I'm seeing others comment on it more and more, and I think in the long run it will be his biggest problem...
The war in Iraq.
I may be the biggest idiot on the face of the earth, but I've lived 61 years and I've learned to pay "attention to details".
I wish I could place a bet on my gut feeling...
History will prove this war was necessary.
Hussein had those WMD's, we know that. Our intelligence on them may have been faulty, but I find it hard to believe the intelligence community as a whole was wrong on the issue. So the question is, what happened to those weapons?
The best guess I've seen relates to all those Russian trucks that were seen outside the facility in Al-Qagaa.
If you come here and read comments, you know others disagree. the most vocal of those are 20 somethings... intelligent, idealistic, but naive (or refusing to pay attention to detail) about history and politics in general. (I realize they may still be proven correct, but they are still naive.)
So here is Obama's problem as I see it:
Most folks in my circle agree with me. I have NO WAY of quantifying how many people that amounts to, but it's a bunch. I don't think BHO can win without considerable support from these folks. BHO is gonna have to move in such a way that this chunk of voters are comfortable with how he'll handle the war after the election. To get that support he'll have to make a major change in his rhetoric, and doing so, he'll alienate the naive 20-somethings presently swooning over his wonderful "changiness".
The creaking sound you hear is the stress being subjected to the Democrat party, and if you're paying attention you can already see fissures starting to separate him from voters he needs. He finds himself in "Catch-22"...
His present position is untenable. It'll be interesting to watch how he squirms over the next months, and how the MSM and his followers react to the change he has to make.
Let's see if he's the brilliant politician the swooners believe he is.
4 comments:
Anything can happen. And I agree with most of your post. In my view Senator Clinton lost because of her Iraq vote plain and simple. Had she not voted for that resolution she would have clinched the nomination way back in the first Super Tuesday. I'm not quite sure how Barry will construct his general election message. And I'm not swooning over Barry's anti-war posture either. I tell my friends they're crazy for thinking Barry will actually pull out troops within a year because we can't predict what's gonna happen on the ground. What matters to me most is eliminating the *mindset* that got us into war. We need to eliminate this continuous brainstorming of how we will *stay* as opposed to finding constructive ways to *change course*. As Barry is quick to point out we don't want a precipitous withdrawal. That would be immoral.
"We must be as careful getting out as we were careless getting in"
There are very few good options left in Iraq. But what is evident is that our presence there isn't strengthening our country. We need to diffuse the tension over there so we have a better chance of negotiating rationally.

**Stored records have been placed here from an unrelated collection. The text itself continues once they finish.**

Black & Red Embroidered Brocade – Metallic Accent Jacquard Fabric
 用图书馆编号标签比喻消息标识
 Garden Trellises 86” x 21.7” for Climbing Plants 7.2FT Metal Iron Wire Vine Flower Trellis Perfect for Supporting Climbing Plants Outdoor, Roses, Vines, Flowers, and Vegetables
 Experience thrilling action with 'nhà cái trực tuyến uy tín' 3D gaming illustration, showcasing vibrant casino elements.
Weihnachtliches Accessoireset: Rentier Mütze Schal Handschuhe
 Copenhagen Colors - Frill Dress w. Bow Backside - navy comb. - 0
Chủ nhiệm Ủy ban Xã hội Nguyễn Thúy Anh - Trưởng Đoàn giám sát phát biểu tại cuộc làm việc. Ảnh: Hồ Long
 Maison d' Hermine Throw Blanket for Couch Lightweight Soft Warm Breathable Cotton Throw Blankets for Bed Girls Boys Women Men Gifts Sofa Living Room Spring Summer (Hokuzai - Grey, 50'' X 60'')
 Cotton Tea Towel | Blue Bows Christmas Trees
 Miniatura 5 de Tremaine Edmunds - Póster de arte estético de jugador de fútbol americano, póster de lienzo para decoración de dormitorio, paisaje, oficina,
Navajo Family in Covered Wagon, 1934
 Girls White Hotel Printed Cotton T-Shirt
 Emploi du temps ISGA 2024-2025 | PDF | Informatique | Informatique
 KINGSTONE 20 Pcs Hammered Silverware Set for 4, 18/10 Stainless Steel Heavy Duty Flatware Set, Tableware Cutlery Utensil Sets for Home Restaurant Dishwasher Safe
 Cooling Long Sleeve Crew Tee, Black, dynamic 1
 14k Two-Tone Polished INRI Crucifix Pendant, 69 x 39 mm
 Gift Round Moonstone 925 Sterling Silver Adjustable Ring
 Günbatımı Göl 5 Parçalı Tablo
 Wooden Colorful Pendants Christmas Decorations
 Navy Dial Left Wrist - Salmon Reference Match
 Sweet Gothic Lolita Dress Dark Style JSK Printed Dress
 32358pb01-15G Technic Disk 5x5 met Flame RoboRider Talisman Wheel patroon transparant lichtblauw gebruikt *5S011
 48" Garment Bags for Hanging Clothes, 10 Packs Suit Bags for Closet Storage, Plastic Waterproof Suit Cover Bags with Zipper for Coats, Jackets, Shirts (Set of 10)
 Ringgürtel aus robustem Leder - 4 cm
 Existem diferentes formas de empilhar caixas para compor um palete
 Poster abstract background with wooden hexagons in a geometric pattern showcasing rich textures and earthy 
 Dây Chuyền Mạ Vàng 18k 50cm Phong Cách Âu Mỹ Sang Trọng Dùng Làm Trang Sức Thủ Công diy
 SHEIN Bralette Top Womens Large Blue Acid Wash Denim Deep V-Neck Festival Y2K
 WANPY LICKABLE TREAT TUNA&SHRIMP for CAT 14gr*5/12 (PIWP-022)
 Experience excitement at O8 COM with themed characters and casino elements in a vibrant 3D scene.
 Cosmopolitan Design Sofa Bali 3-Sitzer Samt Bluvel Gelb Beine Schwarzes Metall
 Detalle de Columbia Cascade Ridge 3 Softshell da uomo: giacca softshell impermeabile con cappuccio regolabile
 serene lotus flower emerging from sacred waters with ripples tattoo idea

I'm not naive to think we can reason with the likes of Bin Laden but like Americans, Muslims come in many stripes. Not everyone hates America and if we can build allies as opposed to alienating them we might just come out of this on top.
There's no doubt Saddam Hussein had WMDs at one point or another. What happened to them is a good question worth exploring but unfortunately lack of evidence makes that difficult to do. Did our eliminating the grip of the madman allow Al Qaeda to take it? We may never know. But more important was the revelation that our administration lied about the *imminent* nature of this threat. Every administration sells war in some form or another but this was the wrong war to sell. Was Saddam working alongside Al Qaeda to use WMDs? No.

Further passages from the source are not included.